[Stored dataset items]
BEGIN
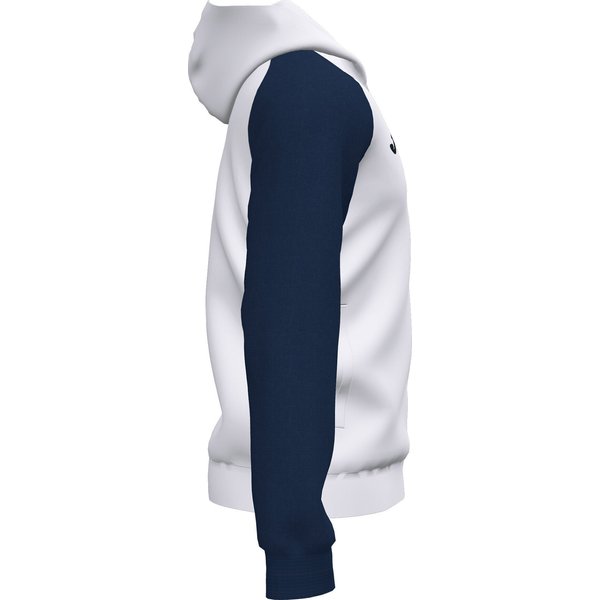 Bluza męska Academy IV Joma - biały/granatowy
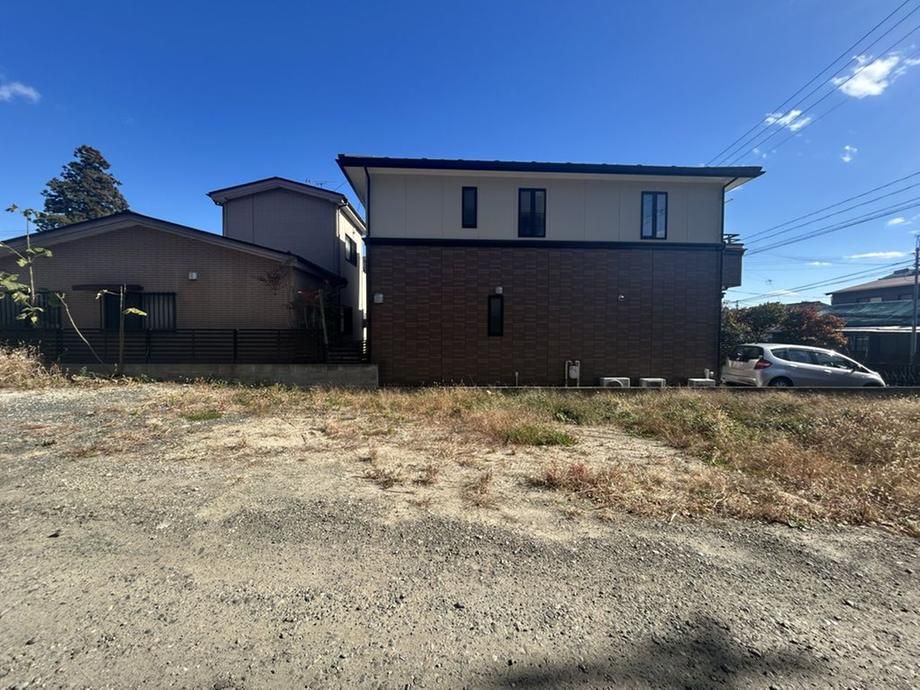 Land for Sale in Aoba-ku, Sendai - 177.85 sqm - Thumbnail 2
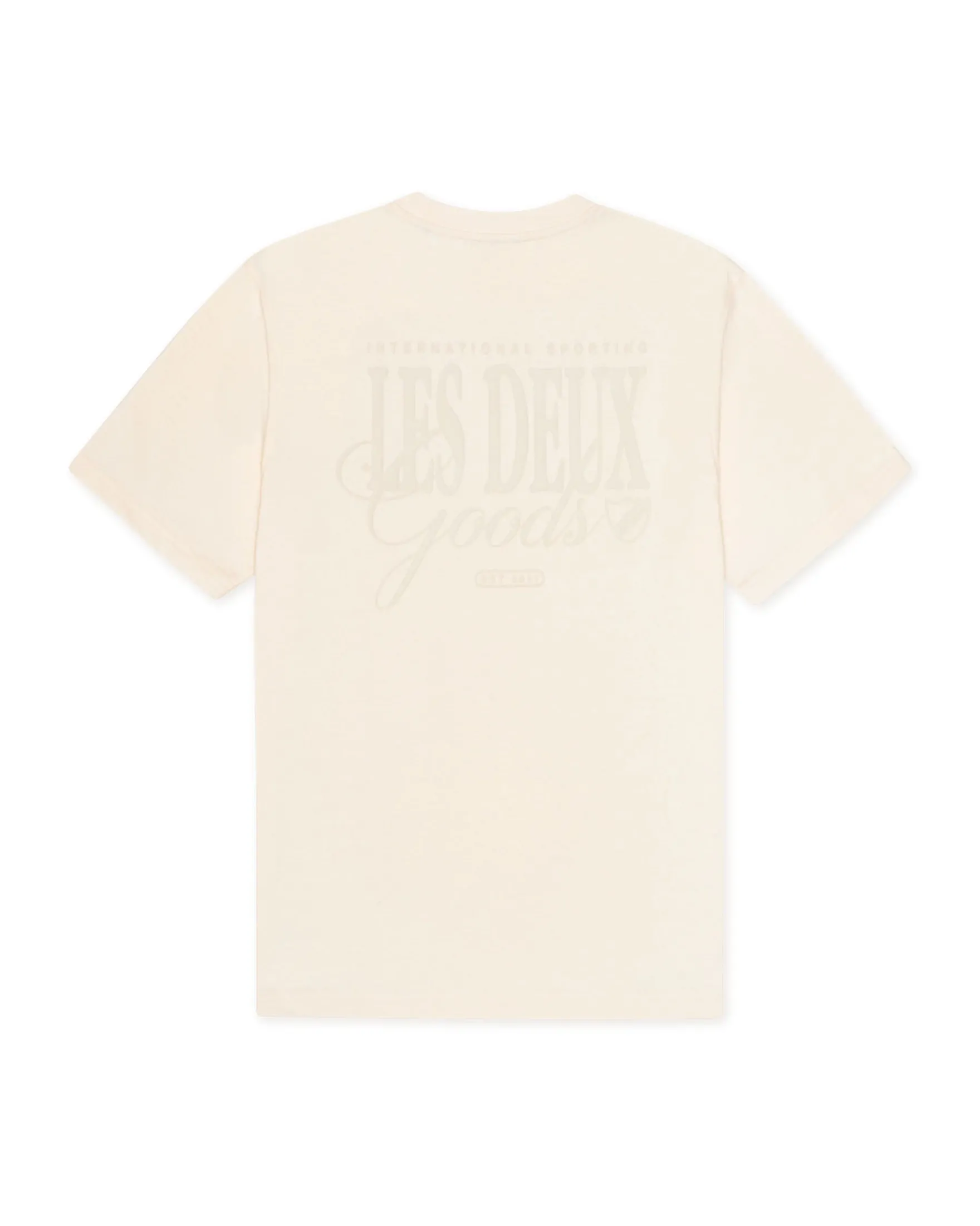 Ben Goods T-Shirt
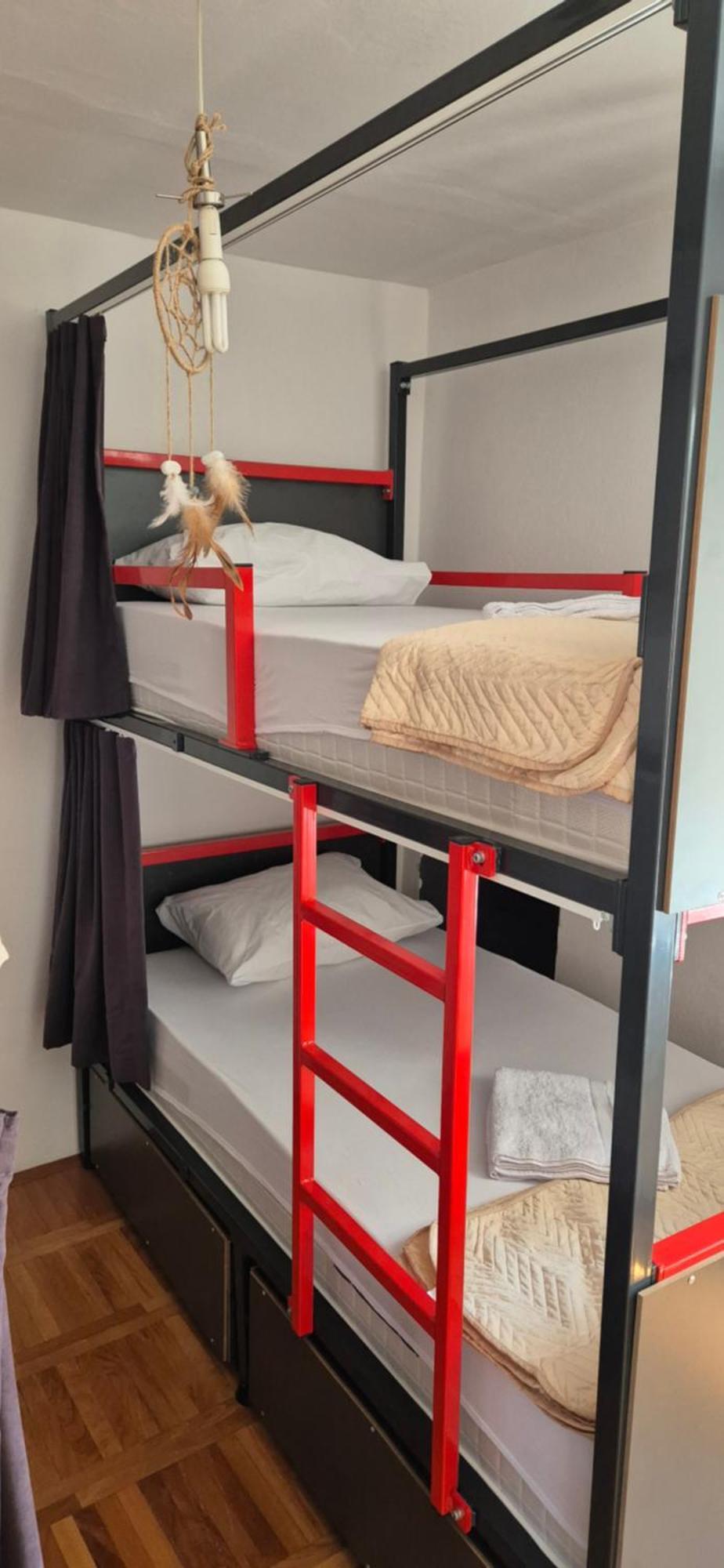 Majka Guest House Kotor Zewnętrze zdjęcie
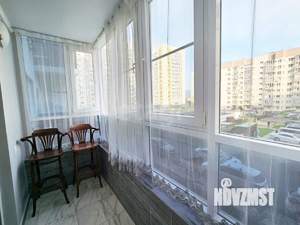 3-к квартира, вторичка, 86м2, 2/14 этаж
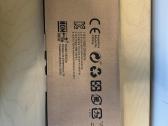 Dell Keyboard Kb216 Multimedia Wired Us Bl - nuotraukos Nr. 4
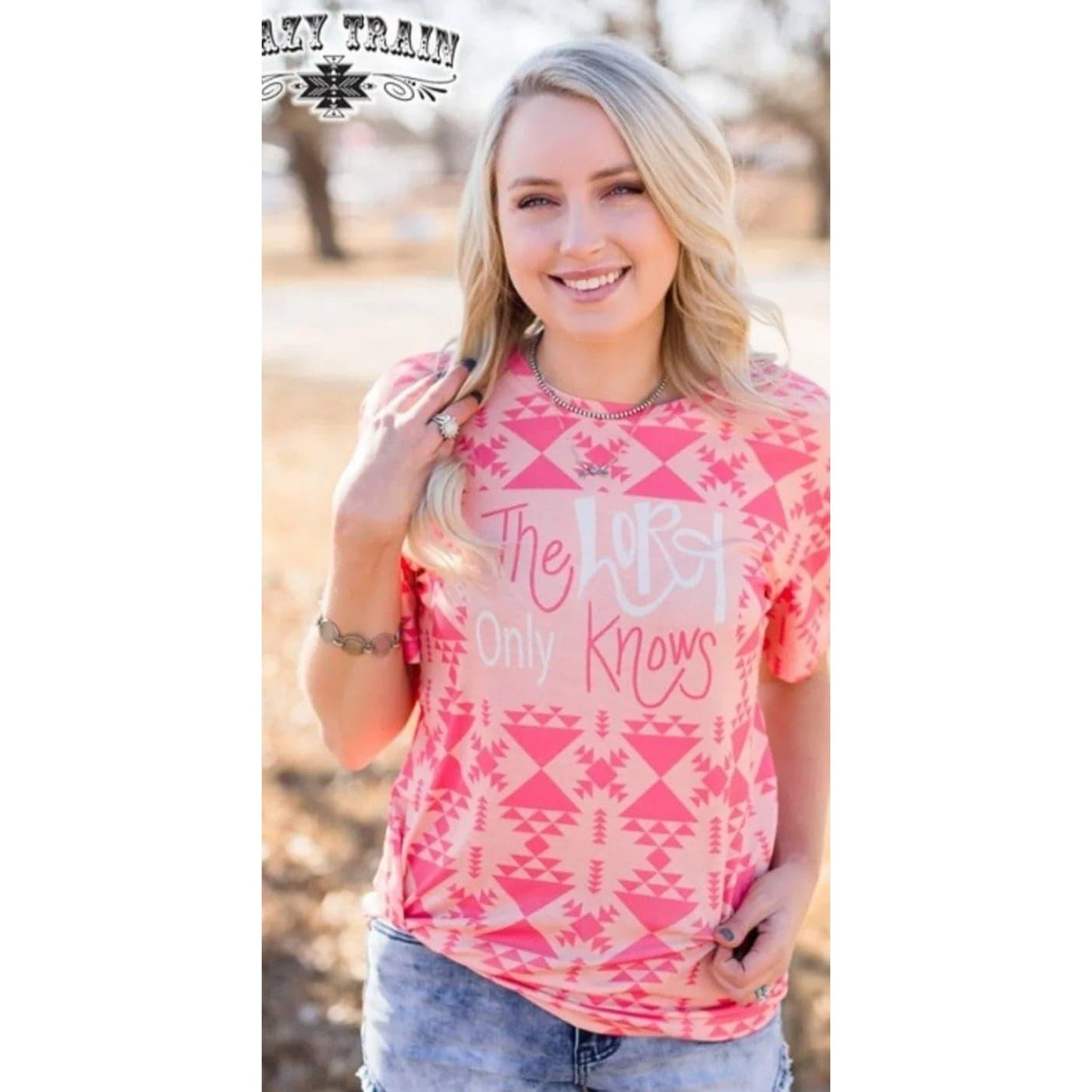 SWEET PRAYERS TEE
END
Task prompt: Every record above must reappear exactly in the answer, minus its pictures.

Output below:
 Bluza męska Academy IV Joma - biały/granatowy
 Land for Sale in Aoba-ku, Sendai - 177.85 sqm - Thumbnail 2
 Ben Goods T-Shirt
 Majka Guest House Kotor Zewnętrze zdjęcie
 3-к квартира, вторичка, 86м2, 2/14 этаж
 Dell Keyboard Kb216 Multimedia Wired Us Bl - nuotraukos Nr. 4
 SWEET PRAYERS TEE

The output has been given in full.